Count words for positive and negative frequencies

I am very confused with the positive and negative frequencies in week 1.

First, what does a corpus and a tweet mean here? Is a training sample represented by an entire corpus, or by an individual sentence in the corpus? For the particular corpus example given in the course, why would someone say contradictory things at the same time like “I am happy because I am learning NLP”, then “I am sad …”. That does not sound like a realistic example.

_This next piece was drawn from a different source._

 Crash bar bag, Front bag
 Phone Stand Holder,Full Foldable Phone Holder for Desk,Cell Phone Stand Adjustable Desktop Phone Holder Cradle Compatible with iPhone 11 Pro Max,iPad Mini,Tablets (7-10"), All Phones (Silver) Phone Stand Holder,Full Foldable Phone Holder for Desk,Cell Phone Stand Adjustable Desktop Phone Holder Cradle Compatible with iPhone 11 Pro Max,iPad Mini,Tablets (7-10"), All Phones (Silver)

My second question is when creating vector of 3, why the words “happy” and “because” are not counted towards positive frequency?

Hi Peixi_Zhu,

The ‘corpus’ consists of the set of tweets. In the very limited example used, this includes the following tweets: ‘I am happy because I am learning NLP’, ‘I am happy’, ‘I am sad, I am not learning NLP’, and ‘I am sad’. There is no discussion of training examples at this point. The discussion solely serves to demonstrate how sentiment features can be extracted from text. It is not meant to be a realistic example, but someone may well tweet ‘I am sad’ while not learning NLP and ‘I am happy because I am learning NLP’ when learning NLP.
The words ‘happy’ and ‘because’ are not part of the tweet ‘I am sad, I am not learning NLP’. They are therefore not taken into account when calculating the sentiment features of the tweet ‘I am sad, I am not learning NLP’.
I hope this clarifies.

Thanks, reinoudbosch

In this slide since we are counting frequencies in the positive tweet, why are we looking at the negative tweet ‘I am sad, I am not learning NLP.’? And if we want to look at the negative tweet, why does the word ‘am’ have a frequency of 3, not 2?

Hi Peixi_Zhu,

For purpose of this example, it is assumed the model does not know whether it is looking at a positive or a negative tweet. In order to determine whether the tweet is positive or negative it needs to count how many times words in a particular tweet appear in positive tweets and how many times they appear in negative tweets. In this case, the tweet is “I am sad, I am not learning NLP”. The model first starts counting how often words in the tweet appear in positive tweets (the ‘positive’ feature). For ‘am’ this is 3. At 2:00 in the video, the model starts counting the number of times the words in the tweet appear in negative tweets.
It is true that the example can be confusing, because the frequency counts of the model were already determined using the negative tweet ‘I am sad, I am not learning NLP’, so the particular tweet has already been input into the model as a negative tweet. In the feature extraction example, this is ignored and the tweet is treated as if it is new to the model. It could have been more clear had a completely different tweet been used for which the feature extraction (‘positive’, ‘negative’) had been clarified.